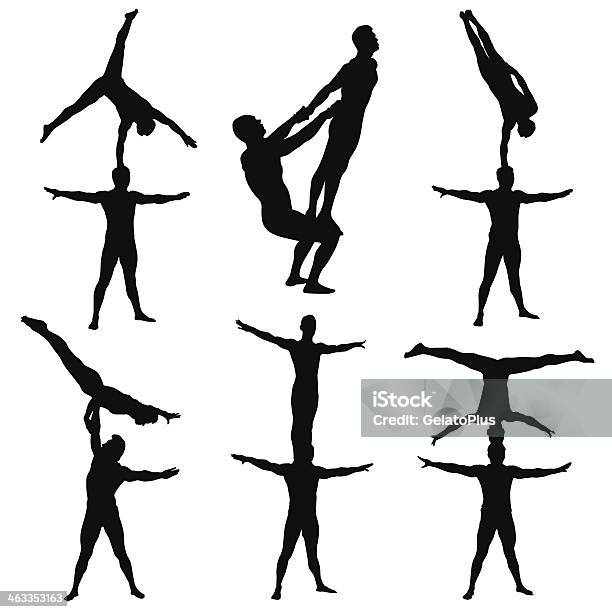 Series Of Acrobatics In Black And White Stock Illustration - Download Image Now - In Silhouette, Acrobat, Circus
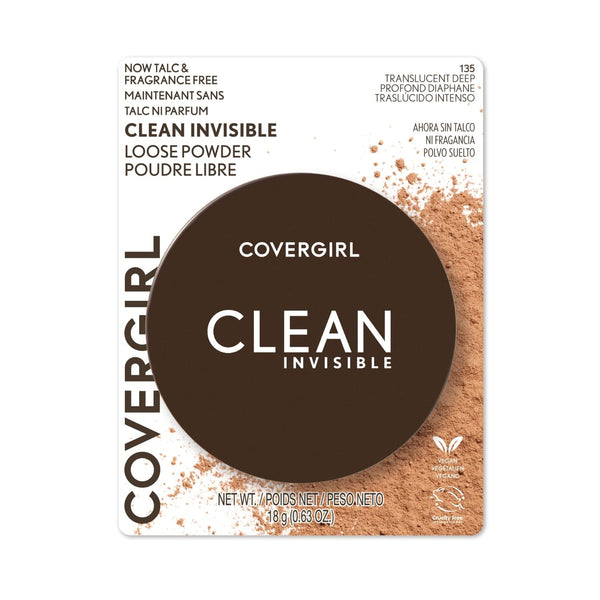 COVERGIRL - Clean Invisible Loose Setting Powder, Vegan Formula, 135 Translucent Deep, 20g (0.7 oz)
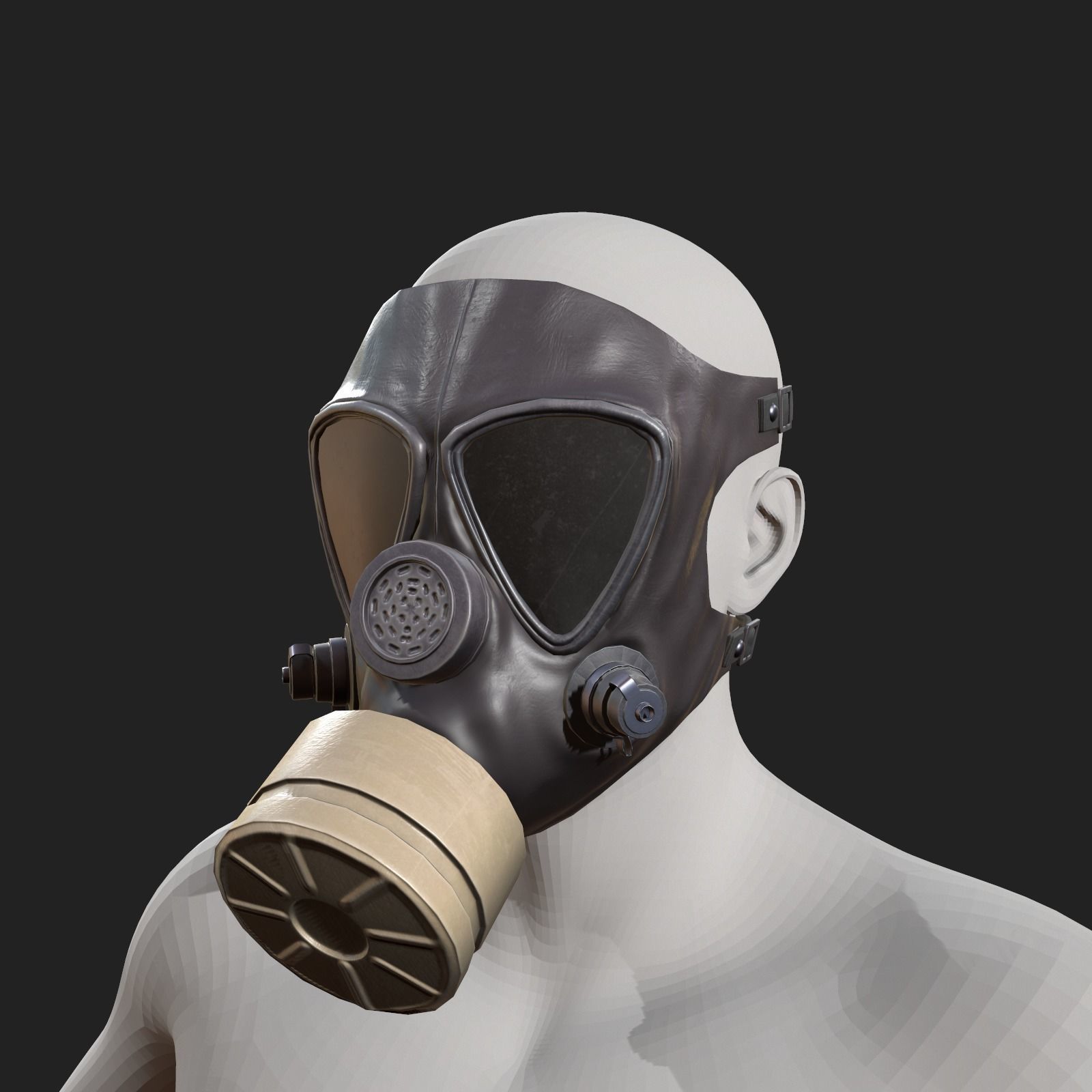 Gas mask helmet 3d model military Low-poly 3D model_4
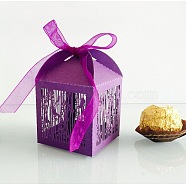Bird Lace Hollow Out Candy Chocolate Paper Gift Box for Wedding Birthday Decoration, with Ribbon, Purple, 5x5x8cm(CON-WH0021-B04)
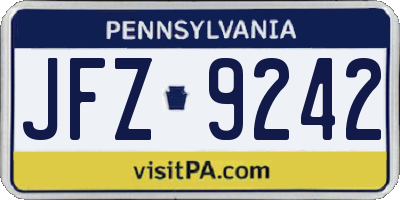 PA license plate JFZ9242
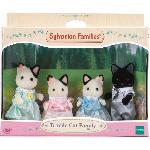 Figurine Miniature - Personnage Miniature SYLVANIAN FAMILIES - 5181 - Famille Chat Bicolore - Articulée et Habillée - A partir de 3 ans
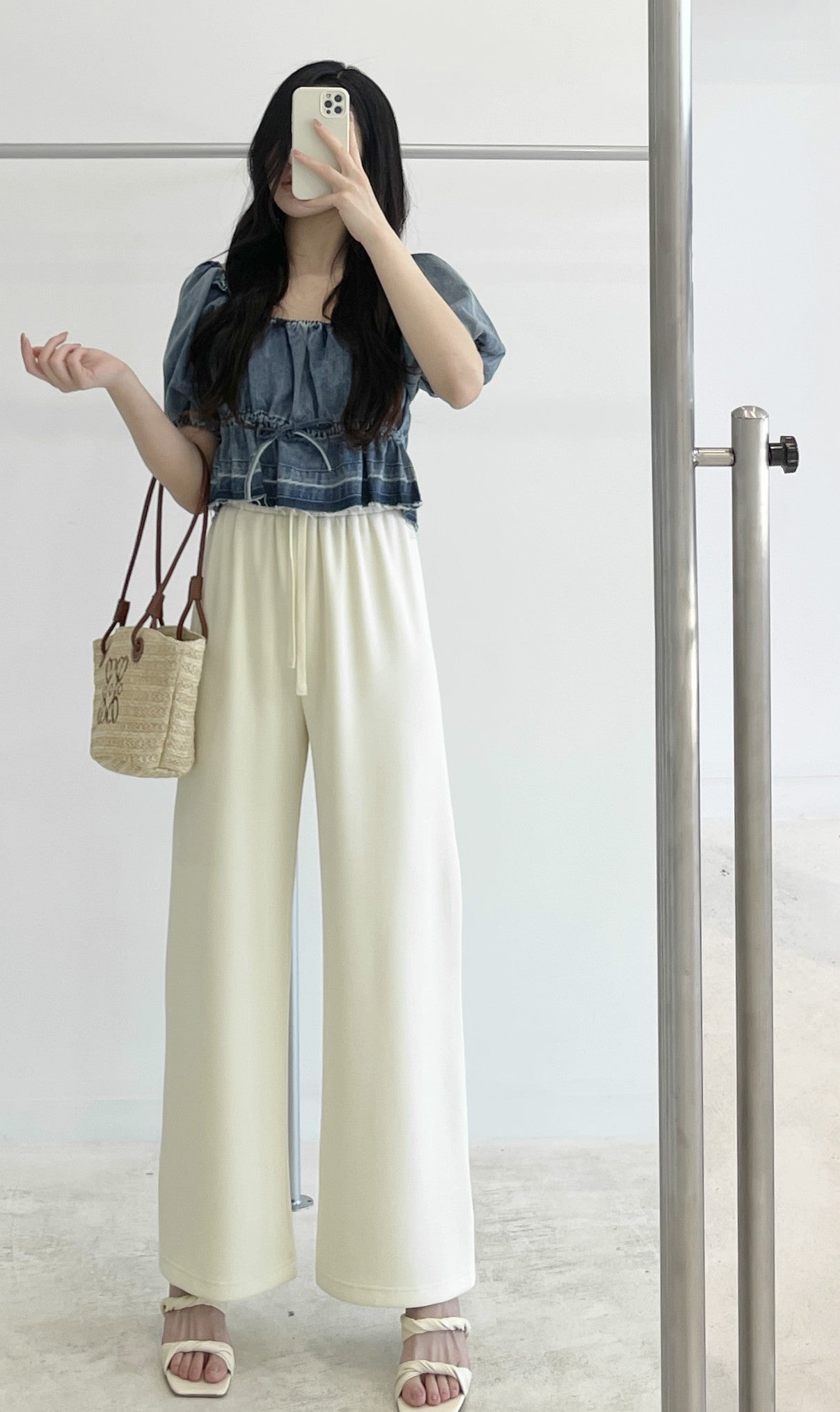 denim short-sleeve shirt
○ ○ ○ ○ ○
> [WORK ITEM]
Could you output the entire listing verbatim while omitting its pictures?

> [SOLUTION TO THIS TASK]
 Series Of Acrobatics In Black And White Stock Illustration - Download Image Now - In Silhouette, Acrobat, Circus
 COVERGIRL - Clean Invisible Loose Setting Powder, Vegan Formula, 135 Translucent Deep, 20g (0.7 oz)
 Gas mask helmet 3d model military Low-poly 3D model_4
Bird Lace Hollow Out Candy Chocolate Paper Gift Box for Wedding Birthday Decoration, with Ribbon, Purple, 5x5x8cm(CON-WH0021-B04)
 PA license plate JFZ9242
 Figurine Miniature - Personnage Miniature SYLVANIAN FAMILIES - 5181 - Famille Chat Bicolore - Articulée et Habillée - A partir de 3 ans
 denim short-sleeve shirt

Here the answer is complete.